# Material shown

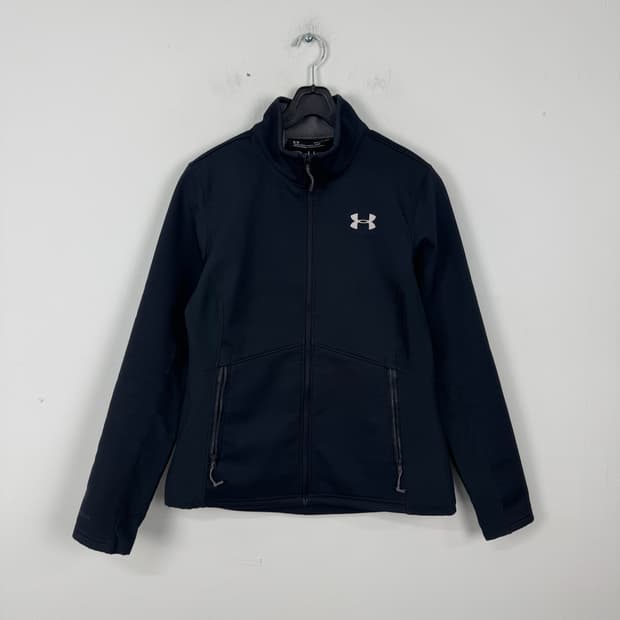 언더아머 스톰 콜드기어 소프트쉘 자켓 S <250>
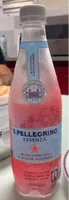 S.pellegrino essenza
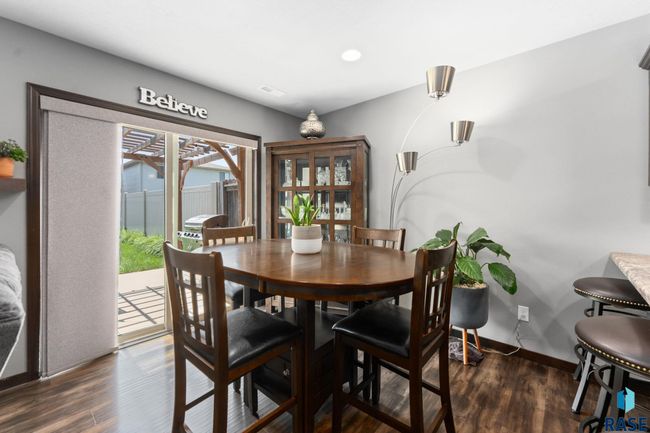 9521 W Gert St, Townhouse with 3 bedrooms, 3 bathrooms and null parking in Sioux Falls SD | Image 18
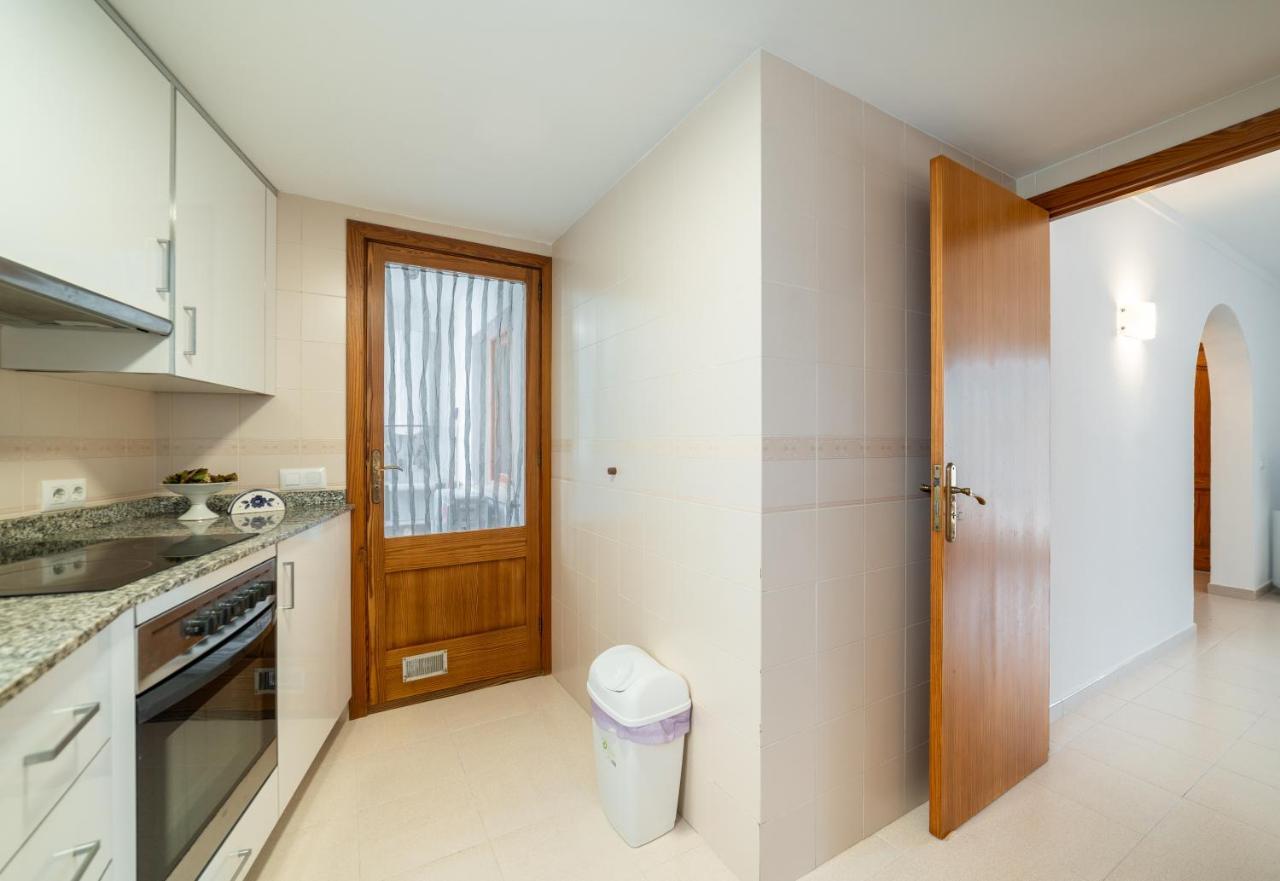 Voltor Bajos E By Sunvillas Mallorca Apartamento *
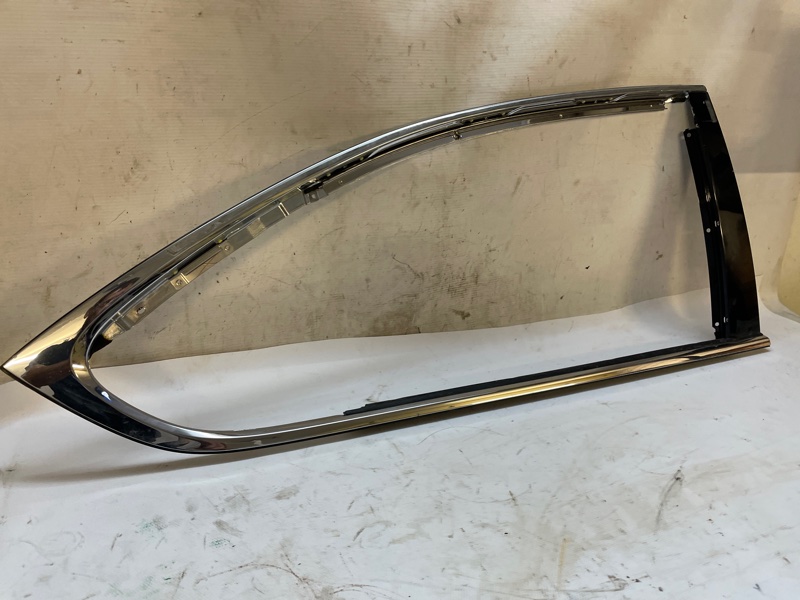 Молдинг двери Lexus LS460 2006 USF40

# Task to carry out
Each line from the one with "S.pellegrino essenza" through the final line of the records must be copied exactly, with no pictures and no additional lines.

# Answer space
 S.pellegrino essenza
 9521 W Gert St, Townhouse with 3 bedrooms, 3 bathrooms and null parking in Sioux Falls SD | Image 18
 Voltor Bajos E By Sunvillas Mallorca Apartamento *
 Молдинг двери Lexus LS460 2006 USF40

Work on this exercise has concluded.